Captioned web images
★ ★ ★
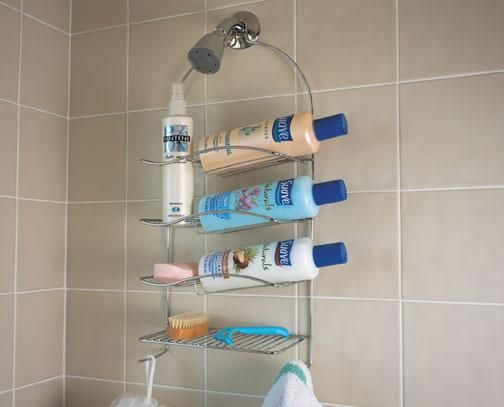 Chrome shower caddy with multiple shelves holding shampoo, conditioner, and soap bottles.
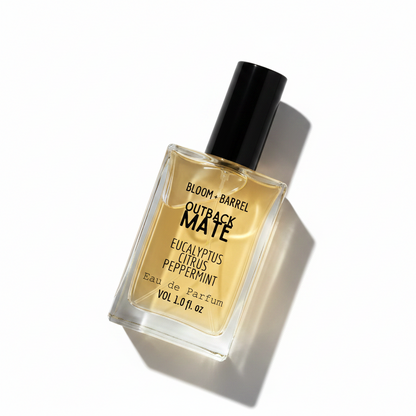 Perfume bottle labeled 'Outback Mate' by Bloom & Barrel on a white background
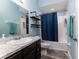 Bright bathroom with a vanity, industrial-style shelving, and a shower with a blue curtain at 6148 Gracie Pl, Lakeland, FL 33812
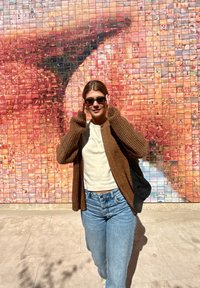 Cardigan de malha castanho sobre uma T-shirt branca, jeans azuis e óculos de sol escuros. O fundo apresenta um mosaico fotográfico colorido em tons quentes.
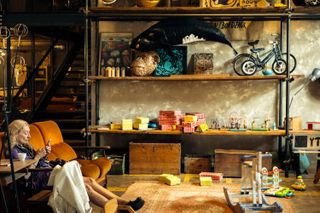 An old lady sitting in a children playroom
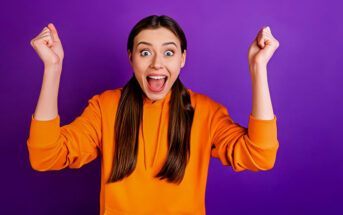 woman with excited face with clenched fists in the air illustrating how to be enthusiastic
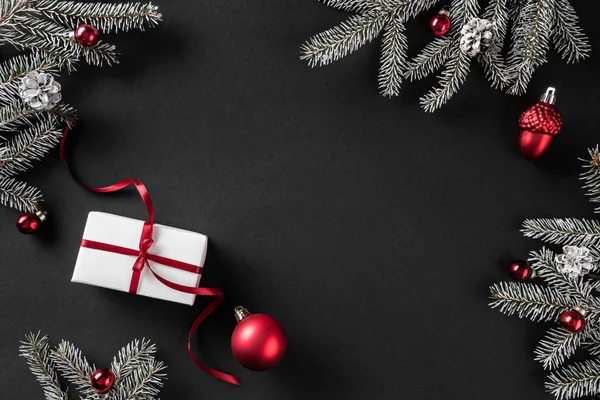 Yaratıcı düzen çerçeve yaptı Noel ağaç dalları, çam kozalakları, koyu arka plan üzerinde kırmızı süslemeli hediyeler. Noel ve yeni yıl tema, kar taneleri. Düz yatıyordu, en iyi görünümü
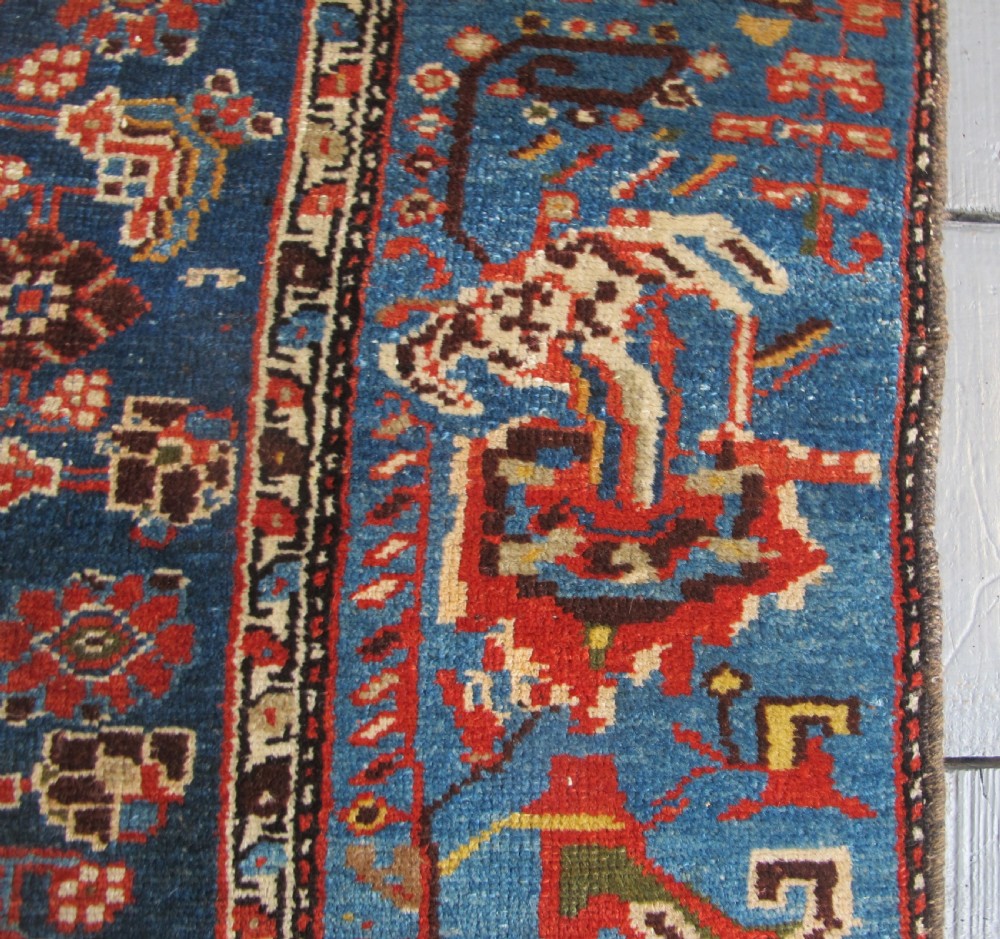 A late 19th-century hand-knotted Persian Hamadan wool rug featuring a dark navy central field surrounded by vibrant blue and red borders with intricate geometric floral motifs. View IX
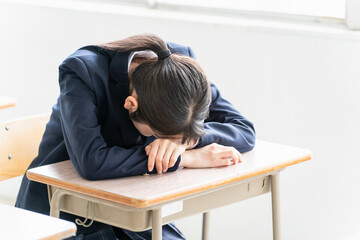 学校の教室で女子高校生・中学生が俯いて悩んでいる（悩む・困る・ストレス）
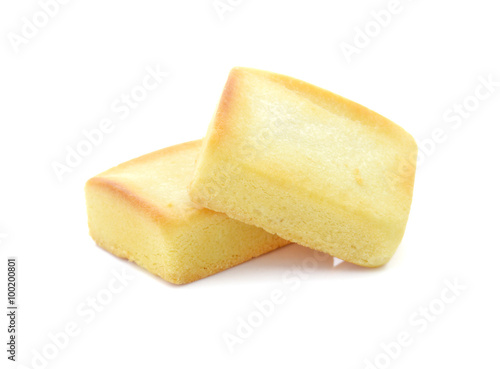 Photo Fruit cake squares on white background.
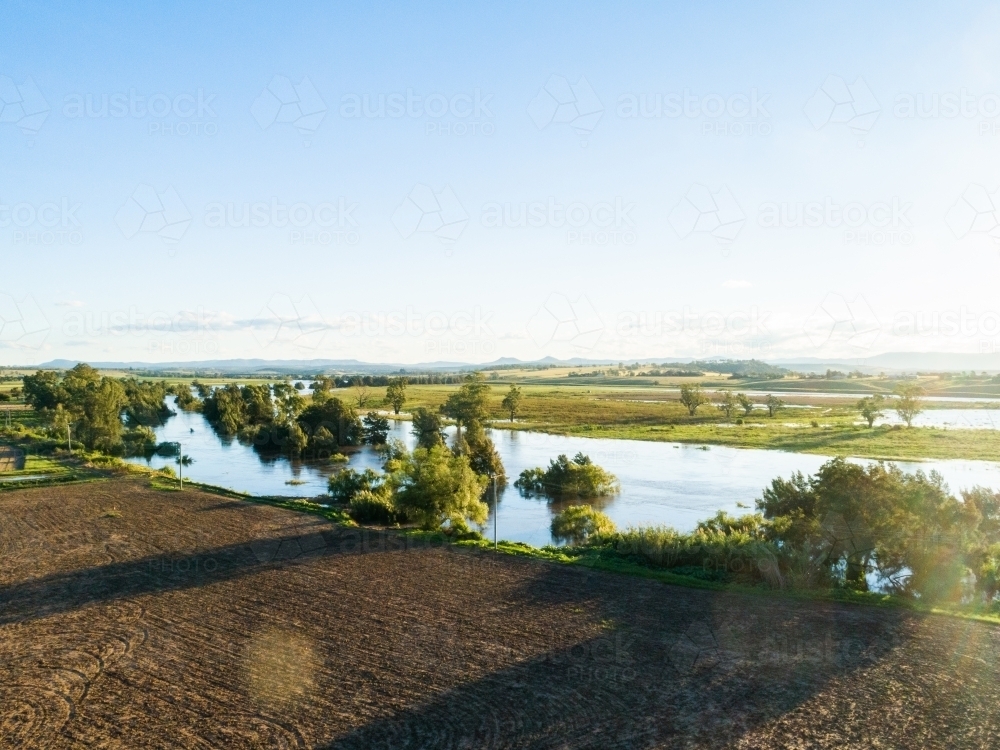 Floodwaters of river rising up and flooding over farmland - Australian Stock Image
★ ★ ★
• Assignment
Please repeat every record above exactly, but leave out the pictures.

• Exercise solution
 Chrome shower caddy with multiple shelves holding shampoo, conditioner, and soap bottles.
 Perfume bottle labeled 'Outback Mate' by Bloom & Barrel on a white background
 Bright bathroom with a vanity, industrial-style shelving, and a shower with a blue curtain at 6148 Gracie Pl, Lakeland, FL 33812
 Cardigan de malha castanho sobre uma T-shirt branca, jeans azuis e óculos de sol escuros. O fundo apresenta um mosaico fotográfico colorido em tons quentes.
 An old lady sitting in a children playroom
 woman with excited face with clenched fists in the air illustrating how to be enthusiastic
 Yaratıcı düzen çerçeve yaptı Noel ağaç dalları, çam kozalakları, koyu arka plan üzerinde kırmızı süslemeli hediyeler. Noel ve yeni yıl tema, kar taneleri. Düz yatıyordu, en iyi görünümü
 A late 19th-century hand-knotted Persian Hamadan wool rug featuring a dark navy central field surrounded by vibrant blue and red borders with intricate geometric floral motifs. View IX
 学校の教室で女子高校生・中学生が俯いて悩んでいる（悩む・困る・ストレス）
 Photo Fruit cake squares on white background.
 Floodwaters of river rising up and flooding over farmland - Australian Stock Image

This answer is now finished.